> [PROBLEM TO WORK ON]: The answer must consist solely of the lines below starting at the one containing "Persol Black Sunglass Po3372s" and ending at the one containing "Journey to the West chapter 75.2 - page 5", repeated exactly, with both ends included and all pictures omitted.

### DATA EXCERPTS ###

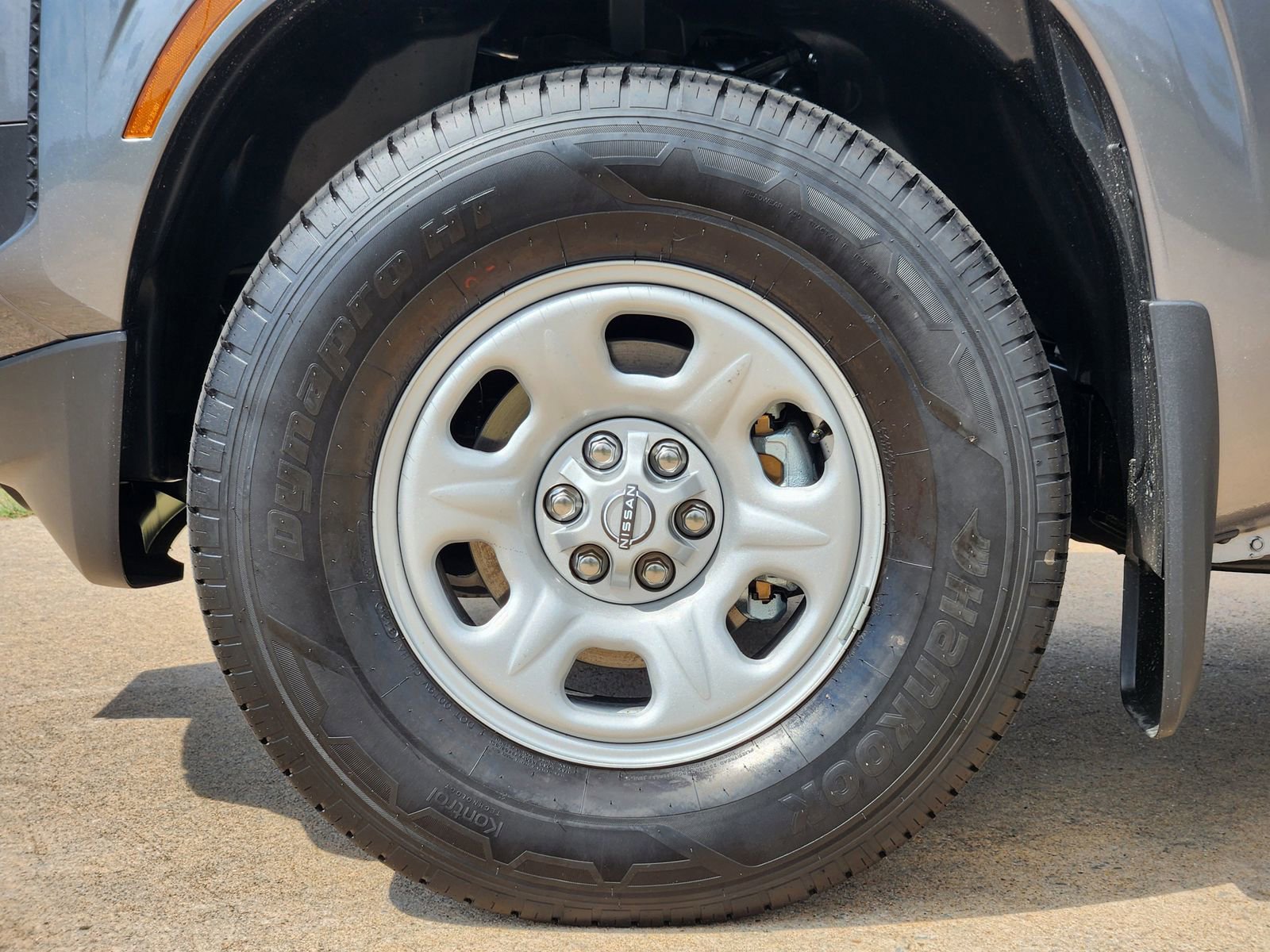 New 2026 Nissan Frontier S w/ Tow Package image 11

###
### DATA EXCERPTS ###

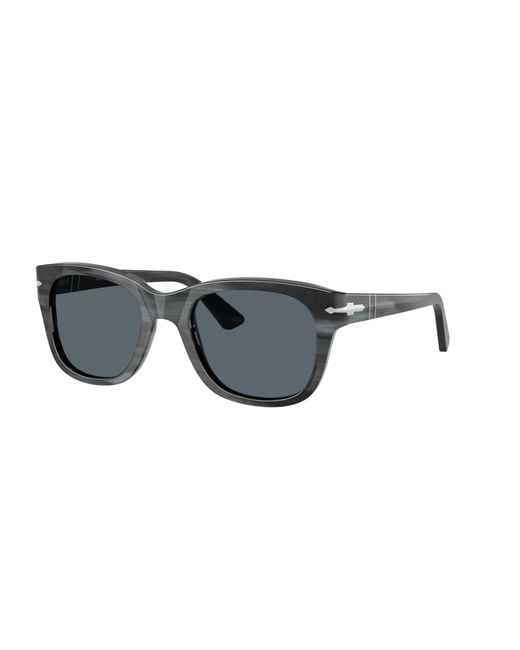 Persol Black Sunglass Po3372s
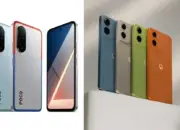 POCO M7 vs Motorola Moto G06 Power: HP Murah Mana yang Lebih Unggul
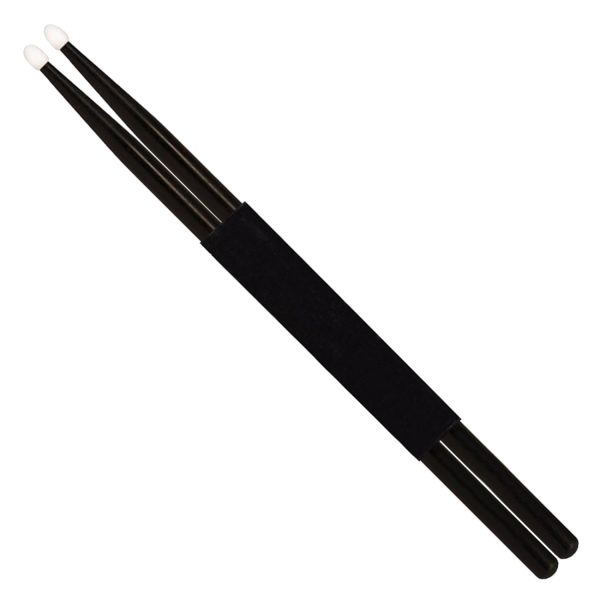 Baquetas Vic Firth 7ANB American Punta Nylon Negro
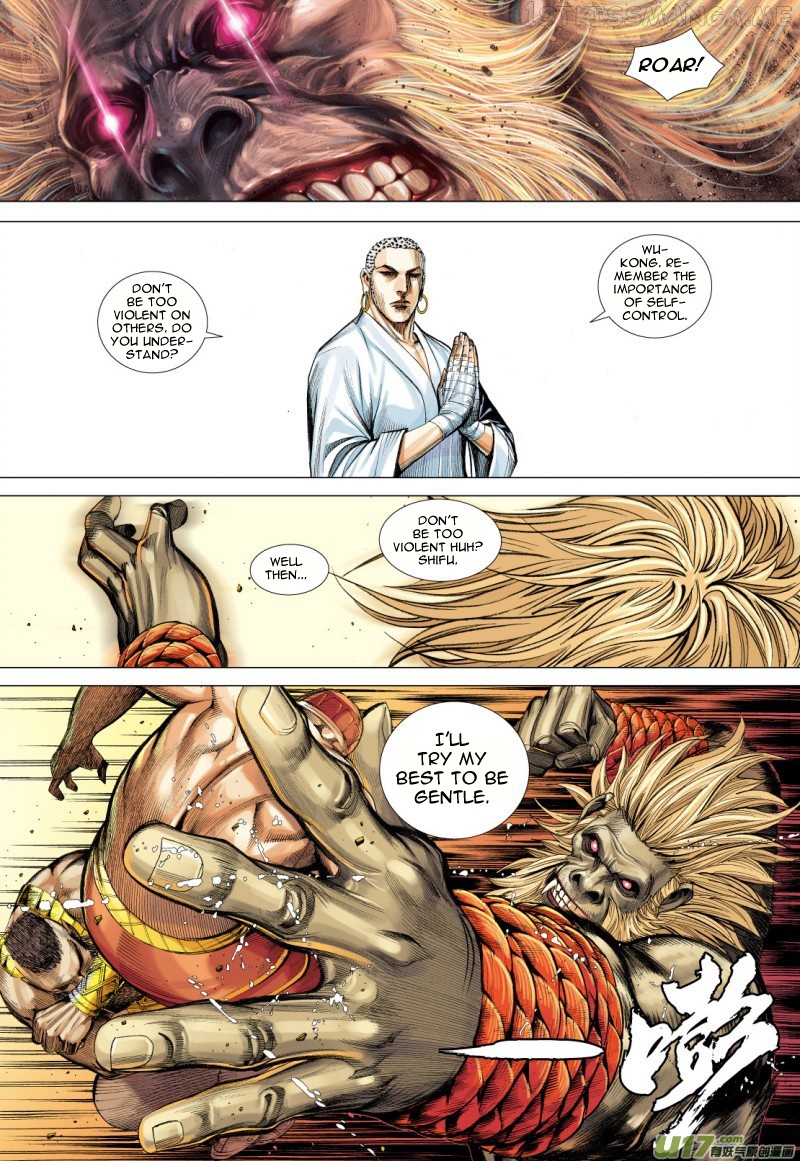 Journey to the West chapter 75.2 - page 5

###

> [SOLUTION TO THIS PROBLEM]:
 Persol Black Sunglass Po3372s
 POCO M7 vs Motorola Moto G06 Power: HP Murah Mana yang Lebih Unggul
 Baquetas Vic Firth 7ANB American Punta Nylon Negro
 Journey to the West chapter 75.2 - page 5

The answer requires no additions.